Yes, I know Yom Kippur is over. I know it well. In fact, I have a sore lower back from sleeping on a mild slope in our tent last night as we celebrate Sukkot by camping out together here in Atlanta. Oy, the first night sleeping somewhere other than my Tempur-pedic bed is always the worst.
Anyway, I wrote the monologue below to use in our Yom Kippur service as part of the worship. I think sometimes a little drama helps add to our sense of wonder at all that God has done.
They’re coming for me soon. This is the end. Mother, wherever you are, please pray for your son. God, wherever you are, I never served you. I sinned against you. Will you help me now? Will you even help me now?
Here they are now, and they have two others. Two others to share my miserable fate. What have they done? Were they as wicked as me? Did they rob old men and scare old ladies? Did their swords taste flesh and blood and end the lives of men like mine did?
O God in heaven, they’ve already tortured one. He looks hardly alive. What cruelty is this?
Oh, now it’s the walk, the walk of shame. Look at the crowds. I had no idea there’d be so many. It’s Passover, that’s why. So many to see me die. So many to see my shame.
Look at them crying over him. Look at others spitting at him. They barely see me. This tortured one, he must be famous. He’s saying something to those women. What? When the wood is green? What’s this?

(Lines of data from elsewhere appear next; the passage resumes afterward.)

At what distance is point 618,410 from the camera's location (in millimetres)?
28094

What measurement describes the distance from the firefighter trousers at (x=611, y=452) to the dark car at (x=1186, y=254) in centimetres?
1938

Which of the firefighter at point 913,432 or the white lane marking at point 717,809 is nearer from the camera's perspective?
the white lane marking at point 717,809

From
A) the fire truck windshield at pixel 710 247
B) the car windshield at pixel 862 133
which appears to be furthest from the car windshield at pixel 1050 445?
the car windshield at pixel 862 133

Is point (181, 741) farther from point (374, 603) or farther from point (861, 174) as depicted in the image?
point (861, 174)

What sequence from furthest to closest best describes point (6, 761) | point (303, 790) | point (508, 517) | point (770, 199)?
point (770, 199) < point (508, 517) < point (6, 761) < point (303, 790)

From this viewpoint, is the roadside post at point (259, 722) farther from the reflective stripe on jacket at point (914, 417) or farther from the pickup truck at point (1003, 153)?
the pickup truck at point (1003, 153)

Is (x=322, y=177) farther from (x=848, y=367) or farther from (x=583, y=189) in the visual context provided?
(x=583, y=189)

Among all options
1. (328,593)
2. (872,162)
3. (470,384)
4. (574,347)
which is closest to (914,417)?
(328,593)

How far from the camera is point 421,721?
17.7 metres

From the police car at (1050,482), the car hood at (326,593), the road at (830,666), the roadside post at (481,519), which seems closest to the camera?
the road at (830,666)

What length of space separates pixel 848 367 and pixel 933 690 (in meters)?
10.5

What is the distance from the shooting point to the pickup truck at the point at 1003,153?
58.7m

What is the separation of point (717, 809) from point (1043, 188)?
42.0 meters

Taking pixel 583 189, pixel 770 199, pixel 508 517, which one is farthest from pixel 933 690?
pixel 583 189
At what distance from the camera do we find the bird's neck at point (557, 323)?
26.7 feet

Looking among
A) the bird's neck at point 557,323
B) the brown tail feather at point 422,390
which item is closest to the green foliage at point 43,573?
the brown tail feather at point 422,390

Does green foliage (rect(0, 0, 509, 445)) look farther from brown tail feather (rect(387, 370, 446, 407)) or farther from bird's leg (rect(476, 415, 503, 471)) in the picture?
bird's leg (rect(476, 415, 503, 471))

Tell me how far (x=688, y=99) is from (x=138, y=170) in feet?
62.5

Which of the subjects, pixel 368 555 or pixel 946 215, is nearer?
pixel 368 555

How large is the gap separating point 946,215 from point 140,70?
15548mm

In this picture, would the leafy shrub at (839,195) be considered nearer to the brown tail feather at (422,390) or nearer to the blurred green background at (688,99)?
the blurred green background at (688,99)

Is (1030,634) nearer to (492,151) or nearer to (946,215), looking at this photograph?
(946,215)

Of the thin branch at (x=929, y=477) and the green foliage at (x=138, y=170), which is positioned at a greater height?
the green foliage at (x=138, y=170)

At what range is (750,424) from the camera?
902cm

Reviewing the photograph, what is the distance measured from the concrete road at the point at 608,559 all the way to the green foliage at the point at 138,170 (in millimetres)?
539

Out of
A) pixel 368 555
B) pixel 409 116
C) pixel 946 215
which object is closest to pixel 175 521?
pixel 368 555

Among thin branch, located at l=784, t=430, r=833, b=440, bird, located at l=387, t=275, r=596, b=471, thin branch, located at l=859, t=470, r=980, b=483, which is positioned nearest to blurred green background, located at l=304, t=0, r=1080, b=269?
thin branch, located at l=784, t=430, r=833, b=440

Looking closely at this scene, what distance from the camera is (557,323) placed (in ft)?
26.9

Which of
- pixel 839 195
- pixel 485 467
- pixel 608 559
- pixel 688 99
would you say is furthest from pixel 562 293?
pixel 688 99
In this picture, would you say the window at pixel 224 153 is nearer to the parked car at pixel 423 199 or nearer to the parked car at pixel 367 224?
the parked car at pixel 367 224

Here is our burden to carry. It’s heavy but it must be worse for him. How can he go on? Who is this man? What did he do?
On and on, my shoulders ache. My legs want to fold. Look, someone is being forced to help that man. He fell and couldn’t rise. The whip has barely fallen on my back, thanks to him. Whoever he is, I’m suffering less because of him.

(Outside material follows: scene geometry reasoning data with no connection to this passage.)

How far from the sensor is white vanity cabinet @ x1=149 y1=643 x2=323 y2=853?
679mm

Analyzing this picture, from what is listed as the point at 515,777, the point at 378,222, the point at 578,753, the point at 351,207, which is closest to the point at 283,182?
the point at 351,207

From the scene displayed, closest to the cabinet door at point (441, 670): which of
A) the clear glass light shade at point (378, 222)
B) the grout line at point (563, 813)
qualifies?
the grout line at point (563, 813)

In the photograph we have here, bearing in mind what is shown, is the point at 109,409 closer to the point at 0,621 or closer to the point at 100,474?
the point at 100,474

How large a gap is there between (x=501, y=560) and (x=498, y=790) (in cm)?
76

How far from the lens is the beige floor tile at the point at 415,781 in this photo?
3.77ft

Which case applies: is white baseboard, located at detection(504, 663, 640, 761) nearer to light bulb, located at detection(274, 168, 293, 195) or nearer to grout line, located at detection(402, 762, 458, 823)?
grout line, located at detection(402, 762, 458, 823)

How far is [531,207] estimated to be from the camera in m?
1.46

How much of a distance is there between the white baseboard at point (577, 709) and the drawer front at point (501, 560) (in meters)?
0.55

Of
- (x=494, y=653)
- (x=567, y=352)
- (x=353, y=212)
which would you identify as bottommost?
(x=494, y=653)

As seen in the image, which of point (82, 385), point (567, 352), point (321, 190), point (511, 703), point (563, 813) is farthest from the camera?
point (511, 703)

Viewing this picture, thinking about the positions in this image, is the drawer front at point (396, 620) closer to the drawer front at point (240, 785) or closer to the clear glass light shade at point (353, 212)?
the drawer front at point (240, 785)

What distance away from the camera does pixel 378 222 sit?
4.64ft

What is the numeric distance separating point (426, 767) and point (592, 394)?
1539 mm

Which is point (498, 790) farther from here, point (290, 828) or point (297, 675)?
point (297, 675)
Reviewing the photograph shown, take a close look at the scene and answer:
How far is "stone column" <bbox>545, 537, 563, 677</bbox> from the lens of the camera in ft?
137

O God in heaven, there’s the hill. Death is at my door, such a death.
O Lord, they’re forcing me on the ground. On my back. How will I bear this? O God, look at the nails. No, no, no . . .
. . .
O Lord, they’ve torn the manhood from me. They’ve destroyed me with nails and wood. O God, they’re lifting me up. Aaaaahhhh, it’s stretching me.
Who is this man? This man beside me. The sign says “King of the Jews.” Who is this?
Look how they mock him. The other crucified one, he mocks too. But there’s something different. Lord, who is this man? O Lord, my time has come. I deserve what I receive. But what of this man? He can’t be wicked like me. Look at him.
They mock him and he doesn’t show hate. He bears his pain in quiet weakness that seems strength. Who is this?
They’re asking him if he is the Messiah. O God, how cruel, they’re asking if he can save himself.
O God, I think you’re here. I know it . . . somehow. It’s this man. Who is he?
I have to say something. HEY YOU, YOU THIEF LIKE ME, YOU MURDERER AND LIAR, LEAVE HIM ALONE. DO YOU NOT FEAR GOD, SINCE YOU ARE CONDEMNED LIKE ME? WE DESERVE WHAT WE GET, BUT WHAT OF HIM? CAN’T YOU SEE IT? THIS MAN HAS DONE NOTHING WRONG.
Oh . . . hard to breathe . . . hard to talk. He’s looking at me. What’s his name? I think I heard it . . . Yeshua.
YESHUA, WHEN YOU COME INTO YOUR KINGDOM, PLEASE REMEMBER ME.
There I said it. Wait . . . he’s trying to speak. He has so little life left in him. Please God let me hear it. Please God.
He said it. He said, “Truly, I say to you, today you will be with me in Paradise.”
O God, paradise. The King of the Jews. Messiah. He said so. You heard him God. Let it be so.
. . .
O God, the pain, I can’t breathe. I will give up my last breath soon.
The king, he’s dead. He died fast. Soon they’ll break my legs. Soon I will breathe my last.
BUT LORD, I HEARD. THE KING SAID IT, MESSIAH, HE PROMISED. PARADISE. PARADISE. PARADISE IS COMING SOON.